Il confronto tra gli artisti italiani e quelli stranieri
Una delle sezioni più scenografiche della mostra è certamente quella dedicata alla Biennale di Venezia del 1907 nella quale Giulio Aristide Sartorio è l’assoluto protagonista con il suo monumentale capolavoro intitolato Il Poema della vita umana. Realizzato per la Biennale del 1907 su proposta di Antonio Fradeletto, l’opera di Sartorio è accompagnata dalla musica dell’artista vicentino Alberto Tadiello. Si tratta di uno dei maggiori capolavori della pittura simbolista italiana che, con circa 240 mq divisi in 14 pannelli, racconta il poema della vita umana facendo riferimento ai miti dell’antichità classica.
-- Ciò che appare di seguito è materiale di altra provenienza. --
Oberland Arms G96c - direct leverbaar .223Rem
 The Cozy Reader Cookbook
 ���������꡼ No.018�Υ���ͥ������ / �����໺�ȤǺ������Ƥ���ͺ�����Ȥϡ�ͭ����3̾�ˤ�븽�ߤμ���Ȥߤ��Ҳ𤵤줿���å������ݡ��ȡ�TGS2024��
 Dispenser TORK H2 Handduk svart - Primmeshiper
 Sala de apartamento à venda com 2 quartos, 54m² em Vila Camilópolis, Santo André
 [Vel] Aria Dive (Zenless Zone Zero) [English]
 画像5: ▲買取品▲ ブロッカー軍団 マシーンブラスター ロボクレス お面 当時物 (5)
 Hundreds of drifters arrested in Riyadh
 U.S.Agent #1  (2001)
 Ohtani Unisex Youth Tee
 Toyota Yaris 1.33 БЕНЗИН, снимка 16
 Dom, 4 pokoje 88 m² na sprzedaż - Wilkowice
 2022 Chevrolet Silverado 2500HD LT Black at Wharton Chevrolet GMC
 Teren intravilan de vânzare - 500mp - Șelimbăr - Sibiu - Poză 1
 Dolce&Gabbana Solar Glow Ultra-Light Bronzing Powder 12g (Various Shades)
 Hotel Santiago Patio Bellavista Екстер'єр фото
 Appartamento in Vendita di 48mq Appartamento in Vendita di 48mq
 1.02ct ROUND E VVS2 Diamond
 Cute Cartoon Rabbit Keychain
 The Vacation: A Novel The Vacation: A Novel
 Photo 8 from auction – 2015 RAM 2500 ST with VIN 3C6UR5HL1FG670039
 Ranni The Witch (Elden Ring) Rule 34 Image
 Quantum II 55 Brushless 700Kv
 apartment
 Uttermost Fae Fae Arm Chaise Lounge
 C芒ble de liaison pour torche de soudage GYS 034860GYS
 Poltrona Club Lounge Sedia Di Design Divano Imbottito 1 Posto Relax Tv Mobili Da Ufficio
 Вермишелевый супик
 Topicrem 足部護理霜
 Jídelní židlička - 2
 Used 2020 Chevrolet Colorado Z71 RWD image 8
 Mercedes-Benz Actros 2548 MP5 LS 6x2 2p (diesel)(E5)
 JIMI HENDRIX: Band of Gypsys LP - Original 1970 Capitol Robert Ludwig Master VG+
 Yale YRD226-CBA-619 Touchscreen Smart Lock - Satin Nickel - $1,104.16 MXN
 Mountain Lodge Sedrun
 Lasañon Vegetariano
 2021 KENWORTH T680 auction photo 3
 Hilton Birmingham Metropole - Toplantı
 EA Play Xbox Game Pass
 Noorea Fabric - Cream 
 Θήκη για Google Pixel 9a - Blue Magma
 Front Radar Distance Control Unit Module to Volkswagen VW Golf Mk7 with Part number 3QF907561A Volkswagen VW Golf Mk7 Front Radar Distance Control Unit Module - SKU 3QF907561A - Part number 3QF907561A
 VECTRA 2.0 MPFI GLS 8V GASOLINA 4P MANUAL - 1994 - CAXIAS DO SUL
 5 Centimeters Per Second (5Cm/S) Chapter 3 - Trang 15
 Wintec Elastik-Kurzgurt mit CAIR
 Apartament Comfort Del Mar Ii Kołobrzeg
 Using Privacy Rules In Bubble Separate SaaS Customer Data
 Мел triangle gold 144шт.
La visione drammatica dell’artista sembra caratterizzare tutte e quattro le scene principali raffigurate nell’opera: la Luce, le Tenebre, l’Amore, la Morte. Grazie a questa mostra per la prima volta i protagonisti del Simbolismo europeo come von Stuck, Hodler, Klimt si confrontano con gli artisti italiani: ad esempio le figure dipinte da Galileo Chini rappresentano un importante omaggio all’arte di Klimt e alla Secessione viennese. Tale confronto permette di riscoprire anche nomi di artisti meno conosciuti, come Luigi Bonazza (seguace italiano di Klimt), Leo Putz, Giorgio Kienerk e gli scultori Leonardo Bistolfi e Amleto Cataldi. L’ultimo capitolo di questo straordinario percorso espositivo è dedicato al ciclo pittorico-decorativo ispirato alle favole di Le mille e una notte dell’artista veneziano Vittorio Zacchin. Realizzata per l’Hotel Terminus di Venezia, quest’opera è considerata come il grande capolavoro della pittura liberty veneziana.